The Abacus should be serfice :)

Reply to
Jamie

Basically, I want to find out if the incoming bytes equal the mask - 10101010, so AND would appear to be the logical thing to do, but the result would be a byte, whose contents need to be examined to determine if the mask and the test byte are the same - sort of a recursive problem.

I totally agree with you. In fact right now the byte values get latched.

Reply to
Daku

Ok, so equality.

Perform these operations: tmp(0..7)

Reply to
Tim Williams

If the mask pattern is fixed, put the inputs that are supposed to be "1" into a 4 input AND gate and those that are supposed to be "0" into a 4 input NOR gate and the output of those two gates into a 2 input AND gate.

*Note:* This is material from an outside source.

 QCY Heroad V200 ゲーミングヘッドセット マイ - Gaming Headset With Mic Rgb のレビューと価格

If the mask pattern can be variable, use a XOR for each bit line and run the result to an eight input NOR gate to get a single indication of a match.

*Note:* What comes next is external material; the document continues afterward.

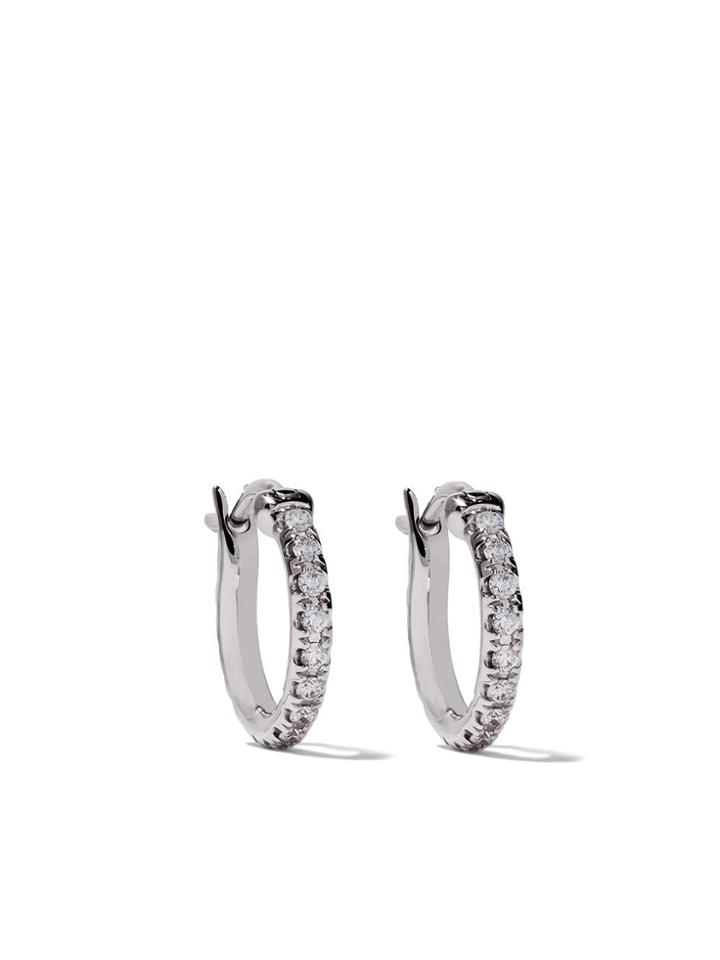 De Beers 18kt White Gold Micropavé Small Hoop Diamond Earrings
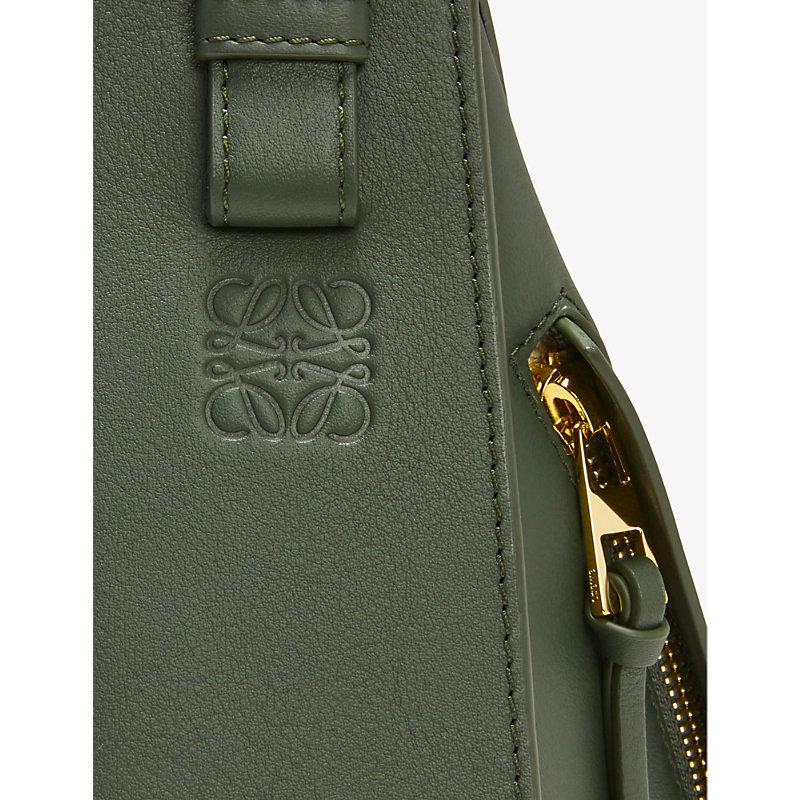 Shop Loewe Womens Bottle Green Hammock Small Leather Shoulder Bag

At least in old ECL families XOR was implemented with Gilbert cell style multipliers (three differential stages). Such multipliers are widely used in WLAN mixers at several GHz. Standard ECL voltage swing might be too much for such speeds.

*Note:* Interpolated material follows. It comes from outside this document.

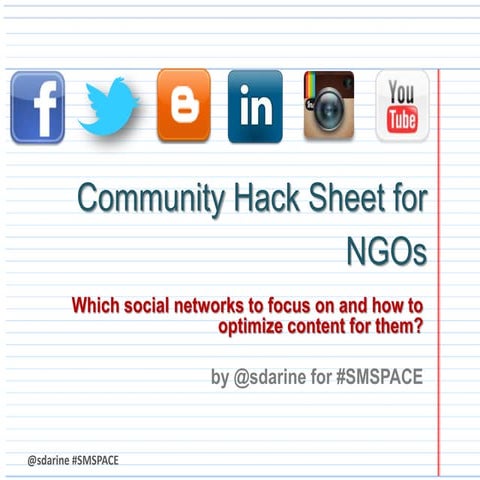 Social Media Community Hack Sheet for NGOs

Then you would have to figure out, how to implement the 8 input OR/NOR gate or when using the complementary (EQU) output from the XOR, how to make the 8 input AND/NAND gate.

Reply to
Paul Keinanen

On Oct 23, 8:02=A0am, Daku

Hi Daku - How about this :

formatting link

Output is '1' when input byte is '10101010' Any change in the input byte will set output to zero.

Reply to
John

I would've thought the XOR would give you a better results. It would result in 0 for all 8 bits if ok, other wise, it would be a non zero..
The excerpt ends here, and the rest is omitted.